— WORK TO COMPLETE —
When you reach the line that contains "Seamless vector graphic" below, transcribe it and each line after it word for word to the end of the records, omitting pictures.

— INFORMATION SUPPLIED —
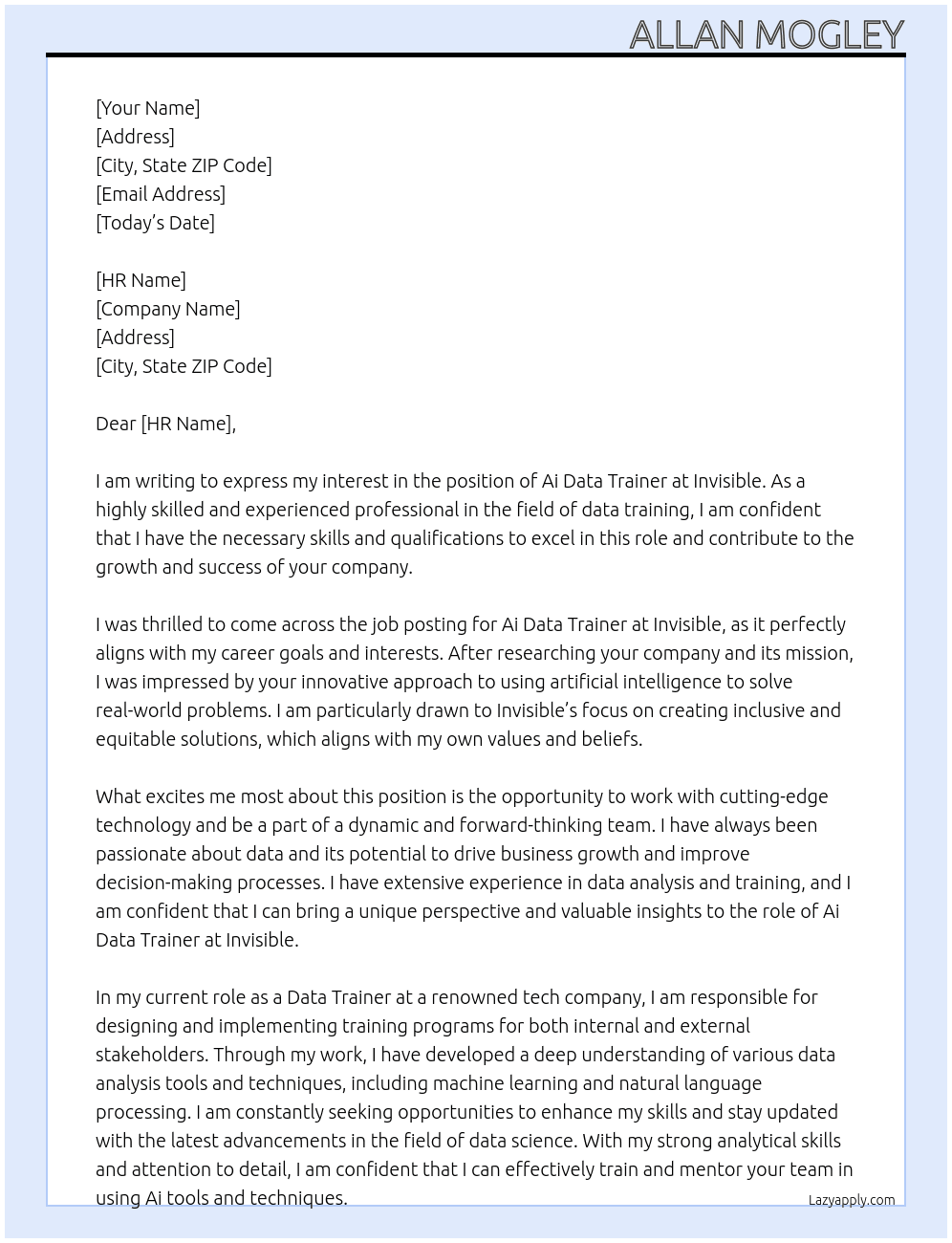 Ai Data Trainer At Invisible Cover Letter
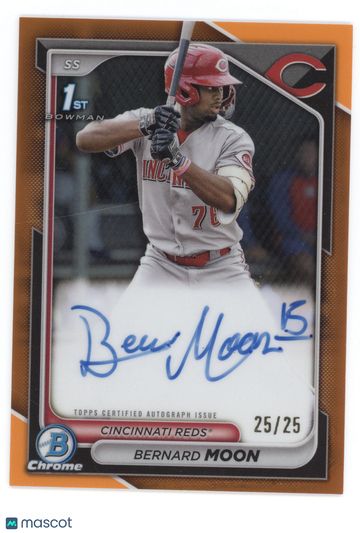 2024 Bowman Chrome Prospect Autographs Bernard Moon #CPA-BMO Orange /25 1st Bowman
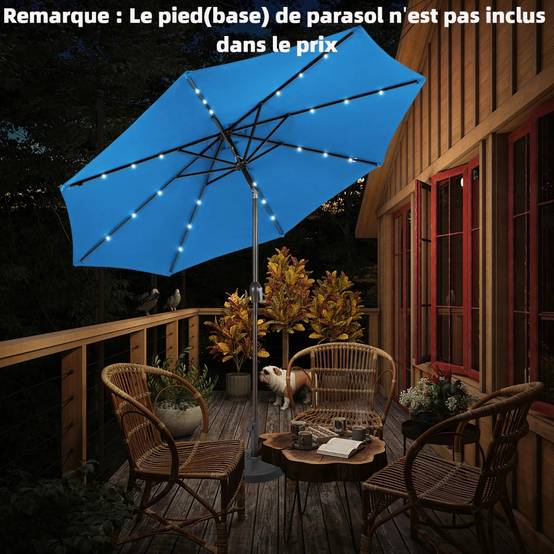 Parasol Inclinable Dia. 300 cm avec 24 Lumières LED Dolaire en Scier Toile Polyester pour Jardin et Terrasse Bleu - Image 3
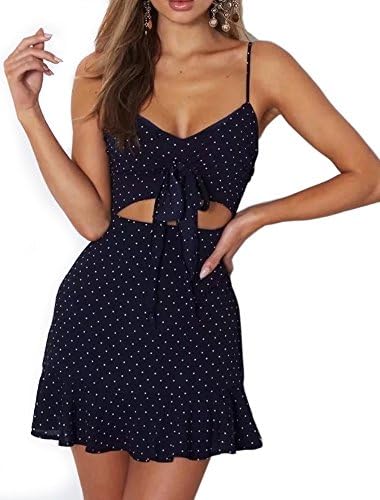 YiKeZhiXiu Women's Summer Floral Print Deep V Neck Backless Spaghetti Strap Mini Beach Dress with Lining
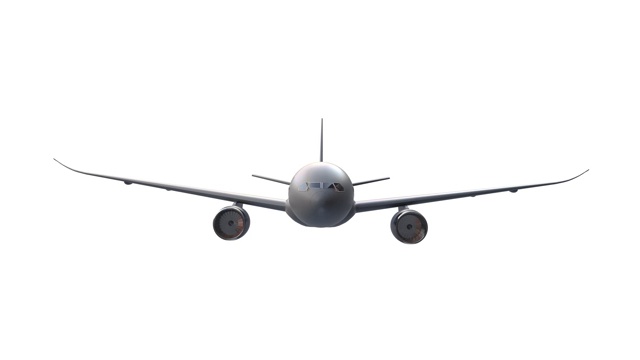客机飞行动画在白色背景。阿尔法通道包括视频下载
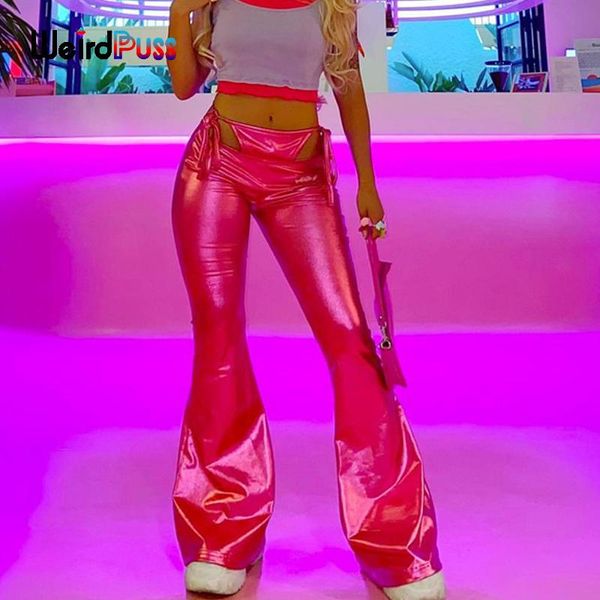 women's pants & capris weird puss faux leather flare y2k women fake two bandage hollow neon pink trousers stretch casual wild streetwea, Black;white
women's pants & capris weird puss faux leather flare y2k women fake two bandage hollow neon pink trousers stretch casual wild streetwea, Black;white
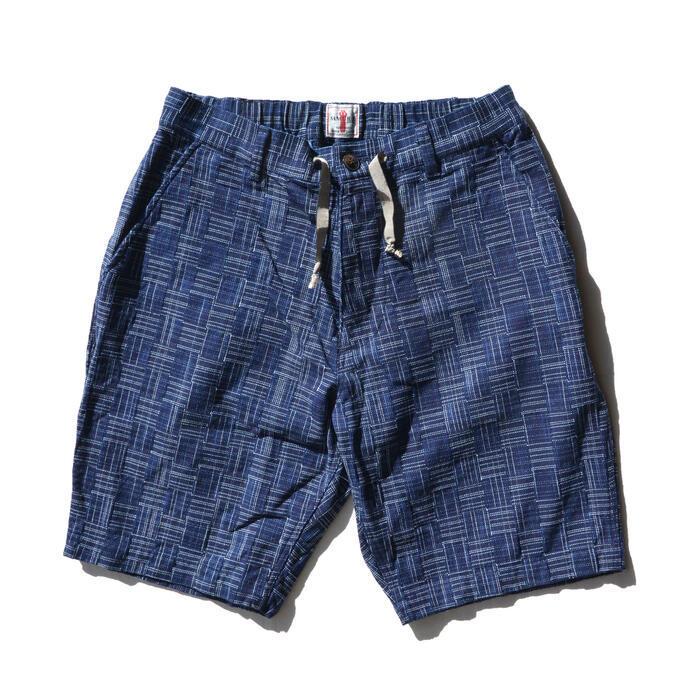 サムライジーンズ SAMURAI JEANS ショーツ SJSP22-IK 藍枷染め市松絣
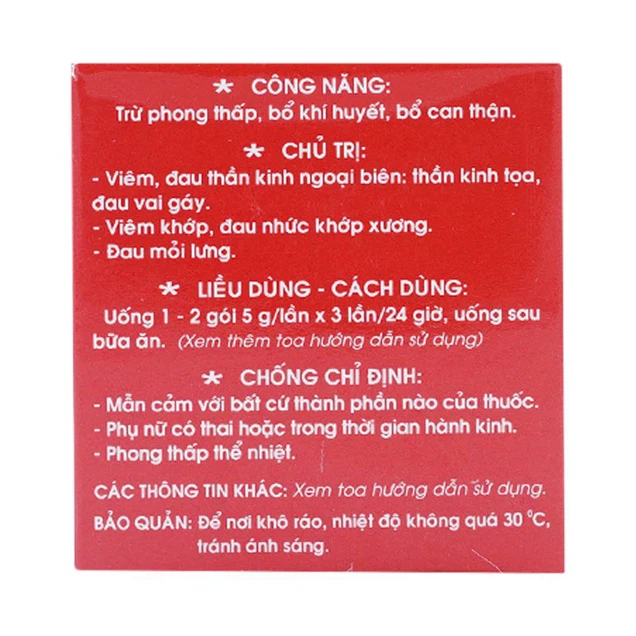 Thuốc Didicera trừ phong thấp, bổ khí huyết, bổ can thận (10 gói x 5g)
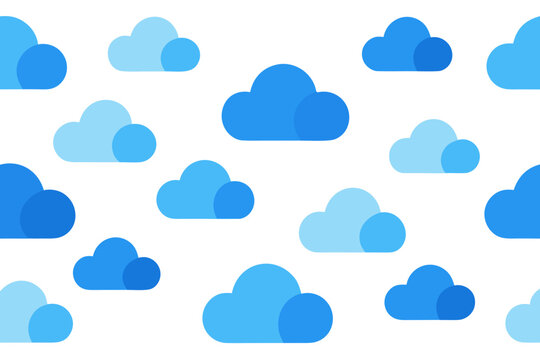 Seamless vector graphic illustration showing a repeating pattern of fluffy blue weather clouds on a simple white background surface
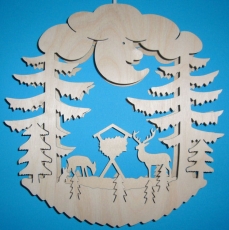 beleuchtetes Fensterbild "Wildf�tterung"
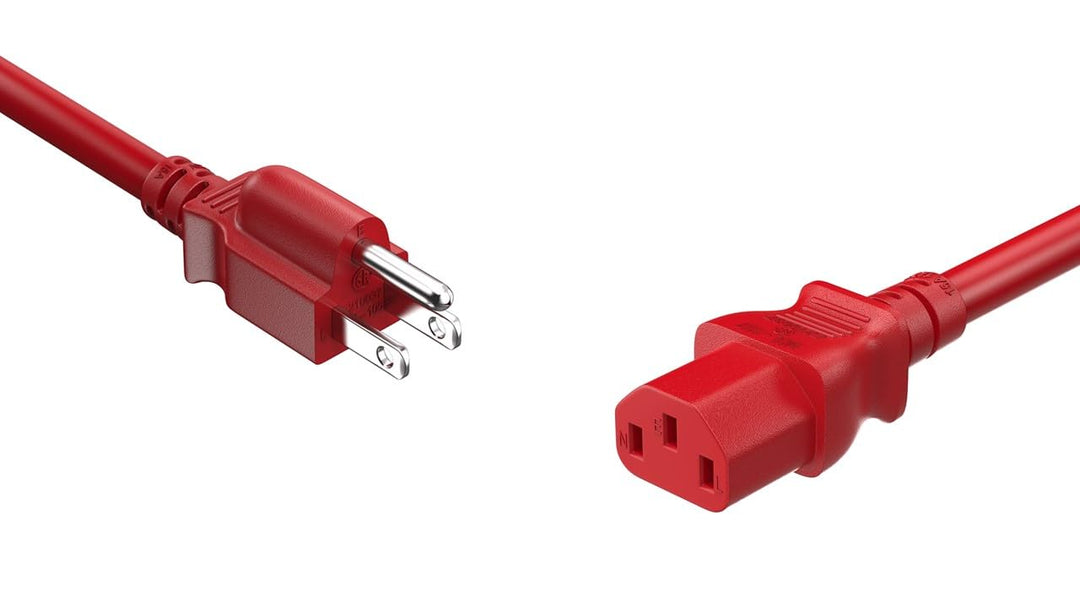CompuCablePlusUSA.com NEMA 5-15P to C13 Red 18AWG Power Cord on a White Background.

— EXERCISE RESPONSE —
 Seamless vector graphic illustration showing a repeating pattern of fluffy blue weather clouds on a simple white background surface
 beleuchtetes Fensterbild "Wildf�tterung"
CompuCablePlusUSA.com NEMA 5-15P to C13 Red 18AWG Power Cord on a White Background.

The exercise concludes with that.